• [TASK INSTRUCTIONS] Without the images, output each record below as it stands.

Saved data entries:

+ + +

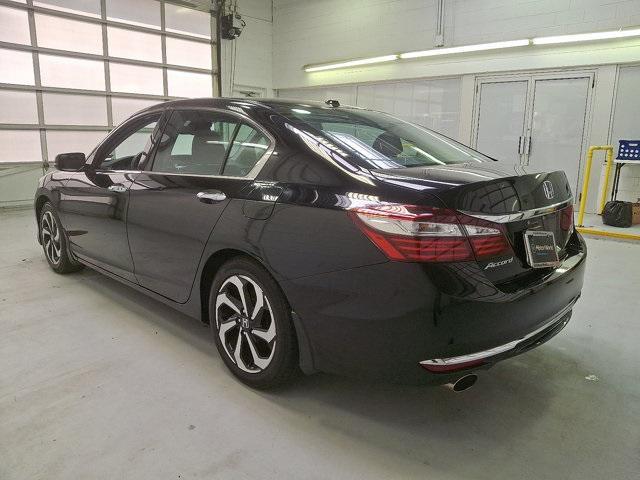 Photo of 2016 Crystal Black Pearl Honda Accord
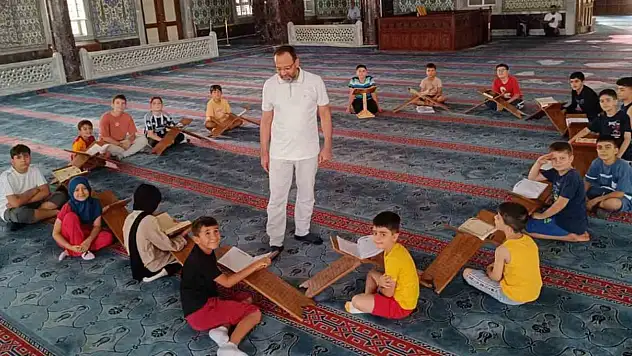 Elazığ'da yaz Kur'an kursları etkinlikleri sürüyor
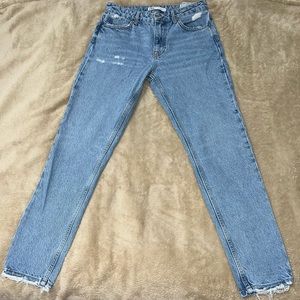 Zara slim, mom fit, light wash, ripped, high waisted jeans.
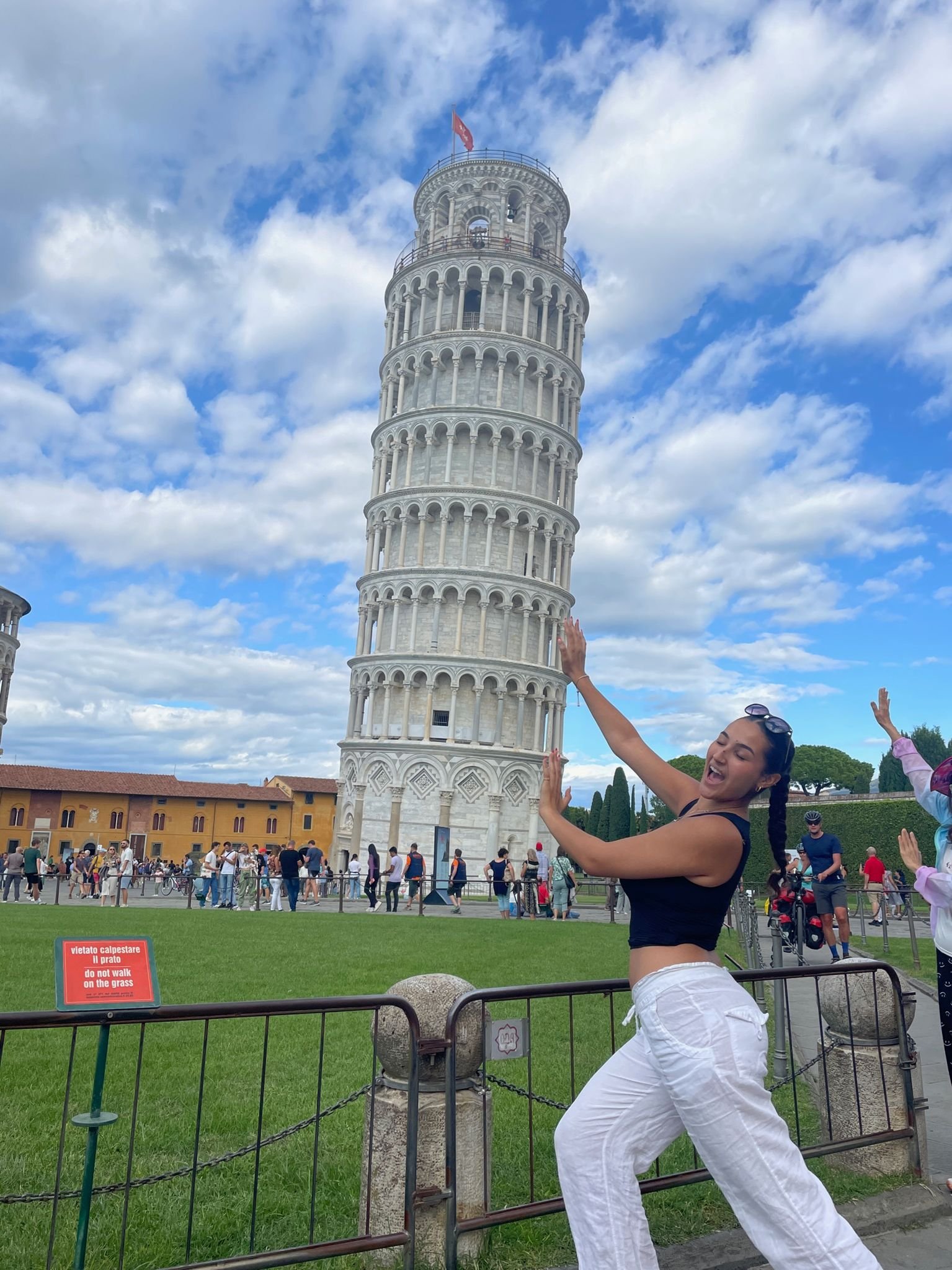 WhatsApp Image 2025-04-24 at 11.41.42_11d21dbb.jpg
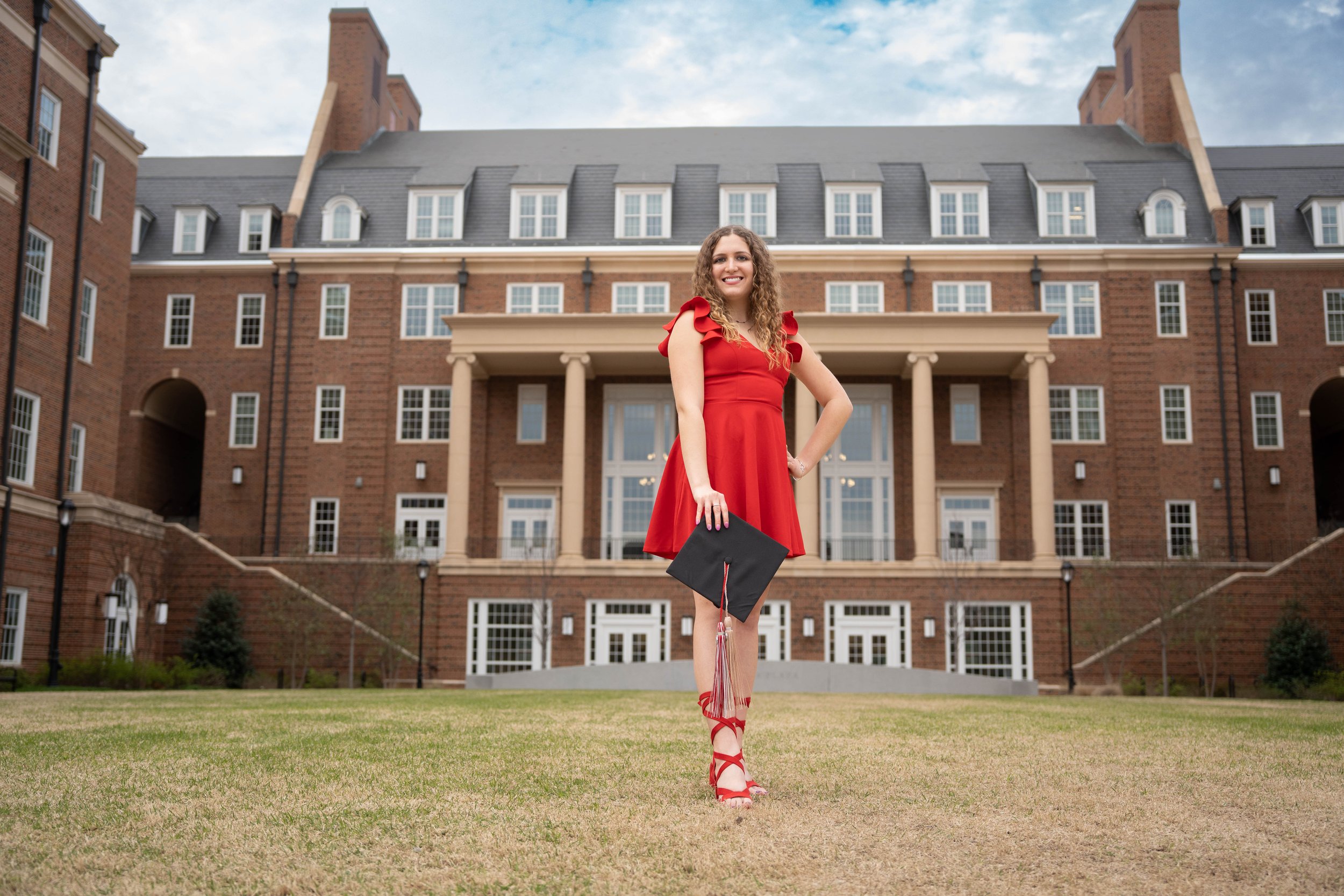 ATLANTA PROFESSIONAL PHOTOGRAPHER | Cap and Gown Portraits at UGA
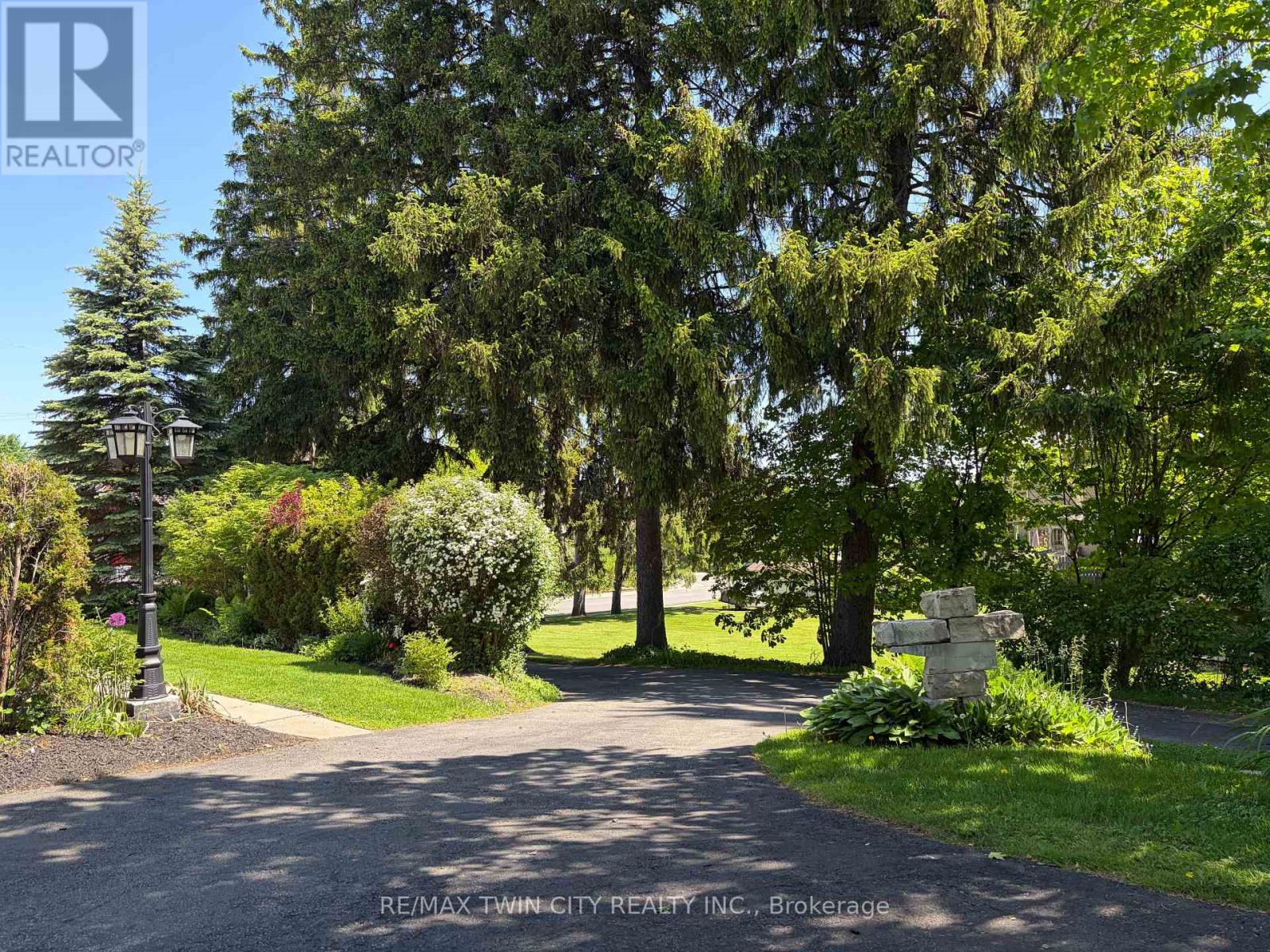 1521 Bridge Street, Wilmot, Ontario  N0B 2E0 - Photo 4 - X13213528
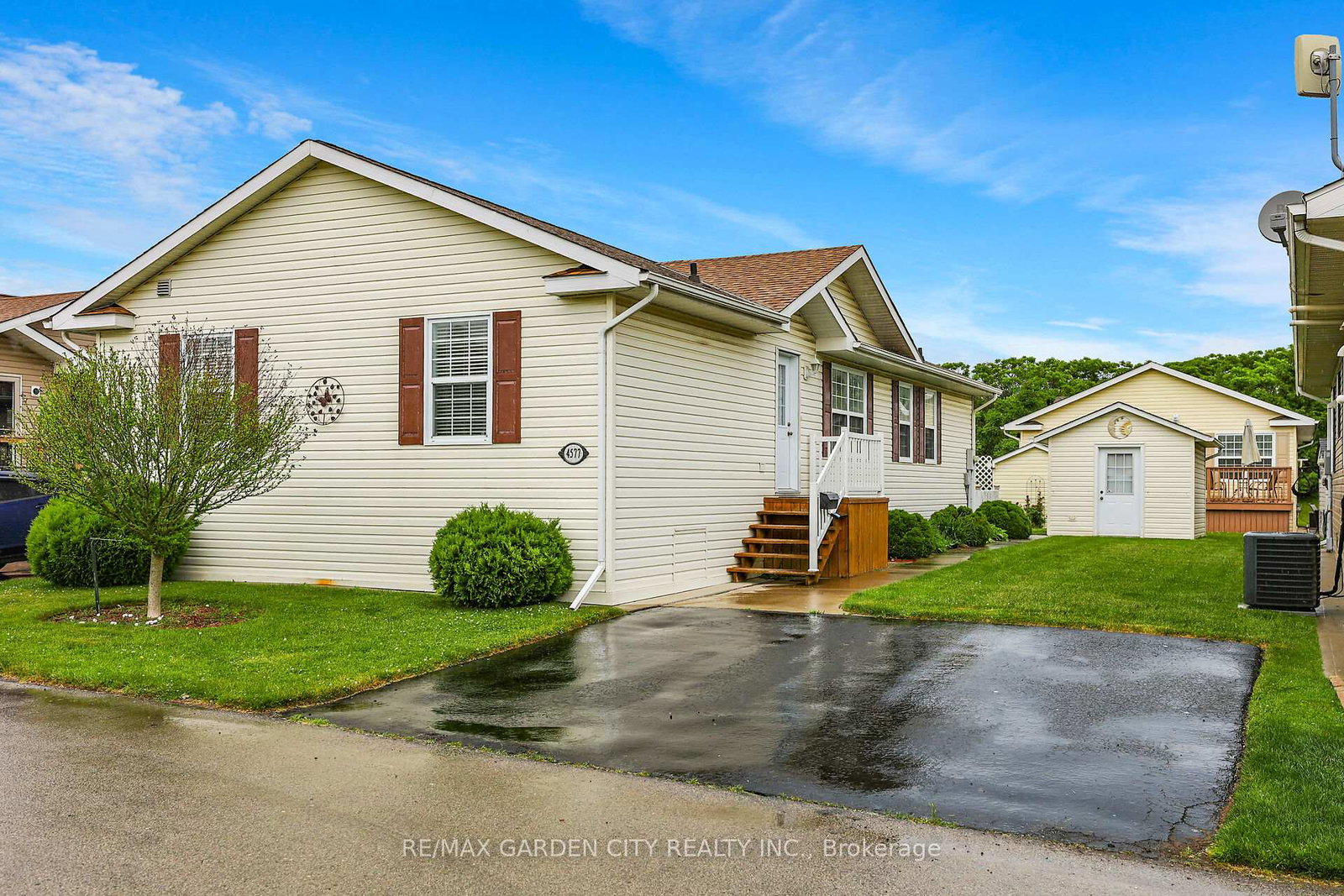 4577-sara-lane-lincoln-ontario-x12211788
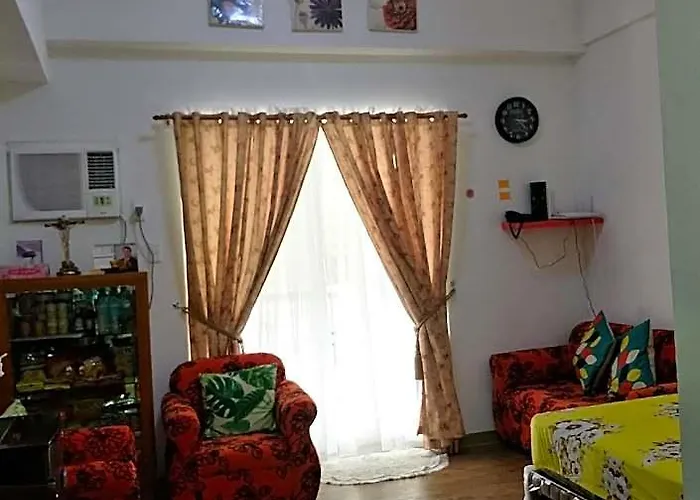 Zhamira's Near Airport & Malls, Clean& Comfy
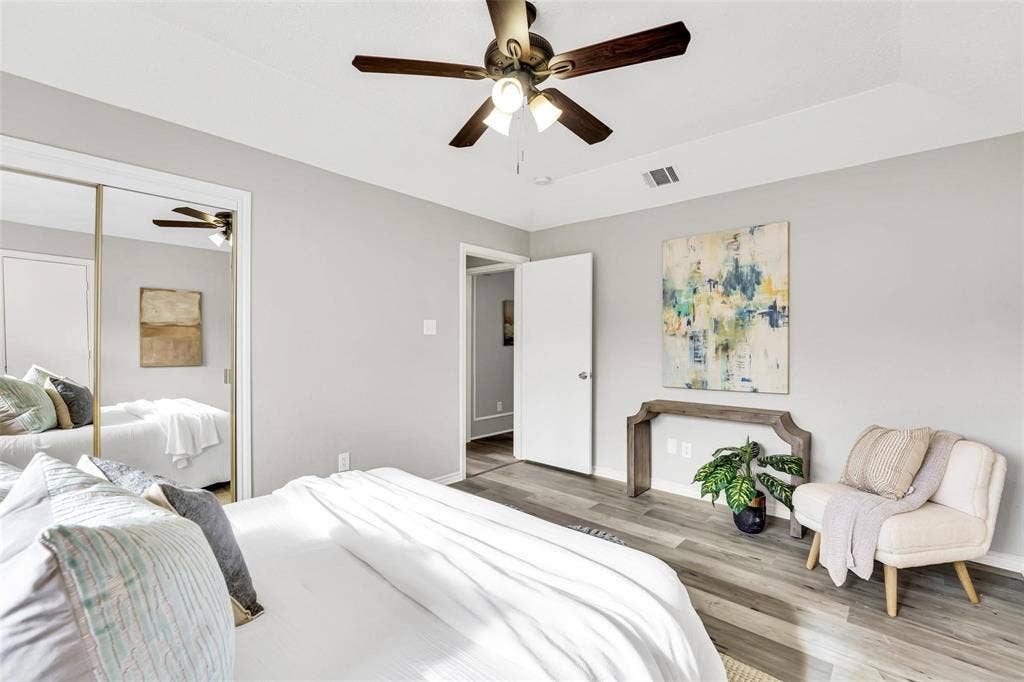 2337 Shalimar Drive, Garland, TX 75040 Primary bedroom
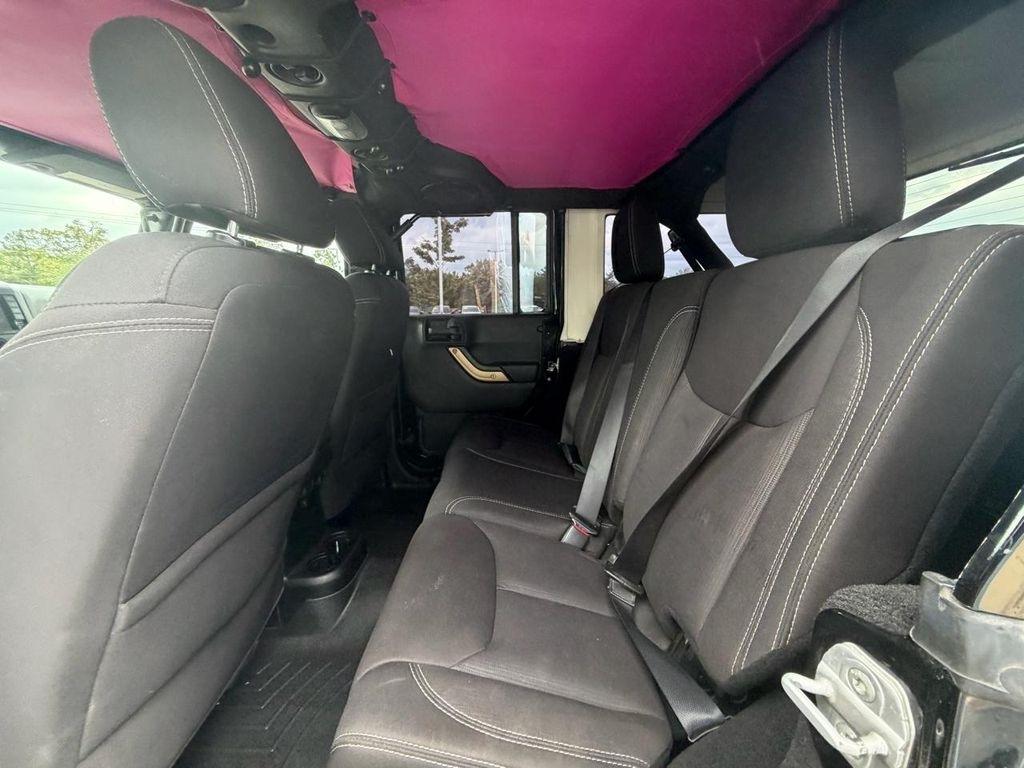 Jeep Wrangler Unlimited 4WD 4dr Sahara 2014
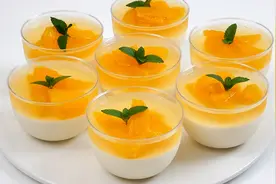 用橙子做好看的果冻布丁，奶香浓郁，清甜嫩滑，1次就能成功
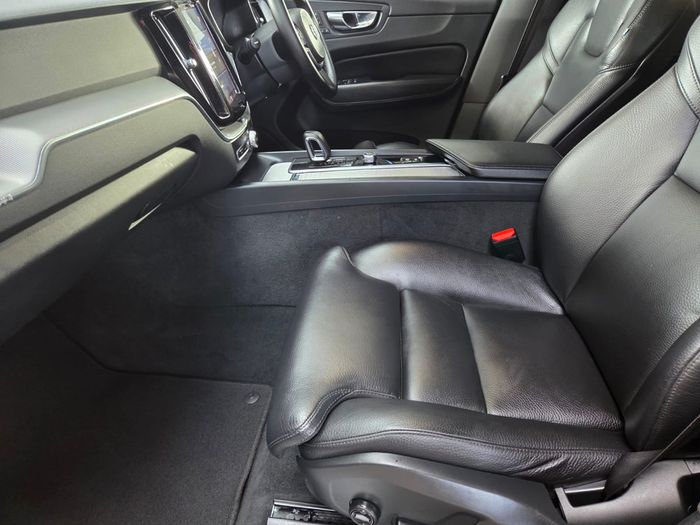 Volvo XC60 2023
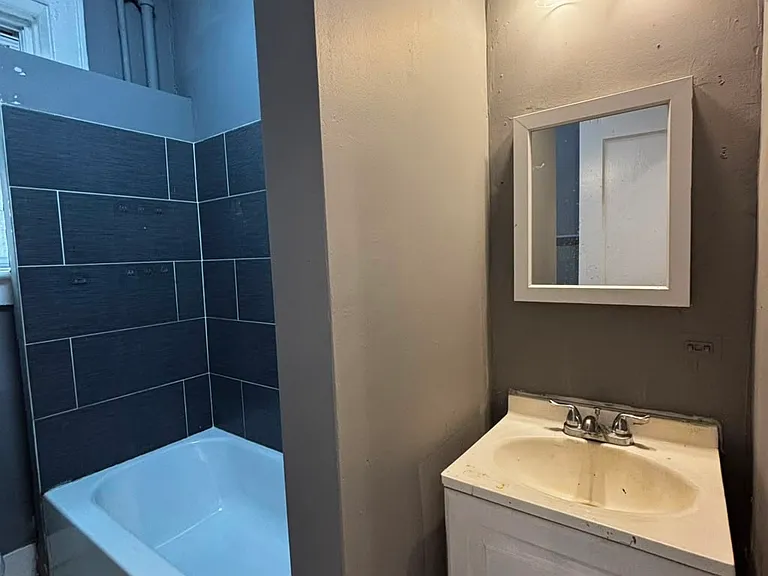 713 Arlington Ave #5C — Photo 6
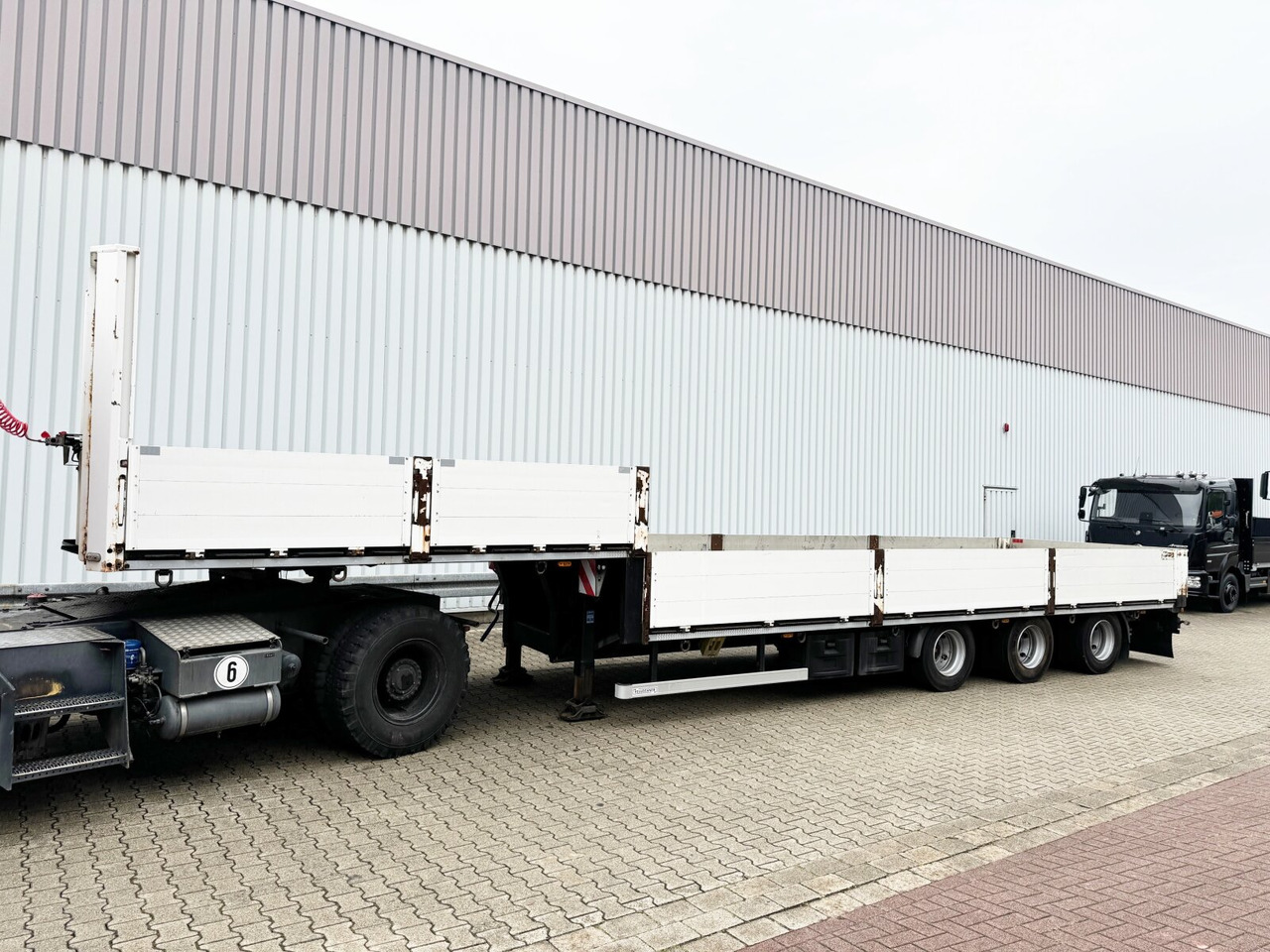 Fellechner SB32-G36 Fellechner SB32-G36, ausziehbar um 1,5m - Semirremolque plataforma/ Caja abierta: foto 1 Fellechner SB32-G36 Fellechner SB32-G36, ausziehbar um 1,5m - Semirremolque plataforma/ Caja abierta: foto 1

+ + +

• [PROBLEM SOLUTION]
 Photo of 2016 Crystal Black Pearl Honda Accord
 Elazığ'da yaz Kur'an kursları etkinlikleri sürüyor
 Zara slim, mom fit, light wash, ripped, high waisted jeans.
 WhatsApp Image 2025-04-24 at 11.41.42_11d21dbb.jpg
 ATLANTA PROFESSIONAL PHOTOGRAPHER | Cap and Gown Portraits at UGA
 1521 Bridge Street, Wilmot, Ontario  N0B 2E0 - Photo 4 - X13213528
 4577-sara-lane-lincoln-ontario-x12211788
 Zhamira's Near Airport & Malls, Clean& Comfy
 2337 Shalimar Drive, Garland, TX 75040 Primary bedroom
 Jeep Wrangler Unlimited 4WD 4dr Sahara 2014
 用橙子做好看的果冻布丁，奶香浓郁，清甜嫩滑，1次就能成功
 Volvo XC60 2023
 713 Arlington Ave #5C — Photo 6
 Fellechner SB32-G36 Fellechner SB32-G36, ausziehbar um 1,5m - Semirremolque plataforma/ Caja abierta: foto 1 Fellechner SB32-G36 Fellechner SB32-G36, ausziehbar um 1,5m - Semirremolque plataforma/ Caja abierta: foto 1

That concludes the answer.